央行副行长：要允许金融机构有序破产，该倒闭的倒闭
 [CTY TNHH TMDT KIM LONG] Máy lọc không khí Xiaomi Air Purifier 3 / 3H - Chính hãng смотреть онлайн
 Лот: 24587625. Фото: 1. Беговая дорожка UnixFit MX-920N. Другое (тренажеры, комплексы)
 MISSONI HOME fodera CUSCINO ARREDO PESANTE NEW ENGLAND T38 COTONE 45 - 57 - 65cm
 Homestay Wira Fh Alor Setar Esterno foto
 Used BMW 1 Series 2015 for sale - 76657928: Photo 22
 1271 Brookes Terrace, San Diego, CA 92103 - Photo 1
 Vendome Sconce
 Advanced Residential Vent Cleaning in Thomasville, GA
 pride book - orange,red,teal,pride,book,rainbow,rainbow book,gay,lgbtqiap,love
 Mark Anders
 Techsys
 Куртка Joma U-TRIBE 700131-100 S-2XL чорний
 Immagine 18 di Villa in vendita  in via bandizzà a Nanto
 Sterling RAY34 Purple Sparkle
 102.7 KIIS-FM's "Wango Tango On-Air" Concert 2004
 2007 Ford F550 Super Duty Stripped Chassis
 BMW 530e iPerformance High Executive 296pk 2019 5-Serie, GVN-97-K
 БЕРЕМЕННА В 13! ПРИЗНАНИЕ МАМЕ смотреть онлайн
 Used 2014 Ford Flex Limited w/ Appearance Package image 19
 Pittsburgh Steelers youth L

Work order: Please show every line of the material that contains the string "онлайн".

Response area:
 [CTY TNHH TMDT KIM LONG] Máy lọc không khí Xiaomi Air Purifier 3 / 3H - Chính hãng смотреть онлайн
 БЕРЕМЕННА В 13! ПРИЗНАНИЕ МАМЕ смотреть онлайн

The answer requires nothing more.